Though it seems like Taylor Swift is everywhere — she was named the 2023 Time Magazine Person of the Year, after all — one place we didn't expect to see her name was touting a new collection of cookware.

Fake advertisements using AI technology began surfacing on social media platforms last week, with the singer's likeness telling fans she was working with the famed cookware brand, Le Creuset, to give away Dutch ovens.

"Hey y'all, it's Taylor Swift here. Due to a packaging error, we can't sell 3,000 Le Creuset cookware sets. So I'm giving them away to my loyal fans for free," the fake Swift says in one of the Facebook advertisements, which then prompts viewers to begin a questionnaire and pay for shipping.

Related: Beware: Deepfake Scams Could Target Your Next Zoom Meeting

After becoming aware of the scam, Meta removed the advertisement and Le Creuset confirmed that the ads were fake.

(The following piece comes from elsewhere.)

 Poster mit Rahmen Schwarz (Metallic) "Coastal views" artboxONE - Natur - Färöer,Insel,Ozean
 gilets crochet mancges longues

"Le Creuset is not involved with Taylor Swift for any consumer giveaway," Le Creuset told NBC. "All approved Le Creuset giveaways or promotions come from the official Le Creuset social accounts. Consumers should always check Le Creuset's official social accounts and website before clicking on any suspicious ads."

A screenshot of the fake advertisement before it was removed (Facebook)

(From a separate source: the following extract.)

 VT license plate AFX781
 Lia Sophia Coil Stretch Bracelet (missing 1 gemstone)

Le Creuset Dutch ovens range in price depending on size and color, but the more expensive models can go for upwards of $700.

Swift is not the first celebrity in recent months to have their likeness used for a false advertisement.

In October, actor Tom Hanks took to Instagram to warn fans and followers about a fake dental plan advertisement that was using his image and likeness as part of the promotion.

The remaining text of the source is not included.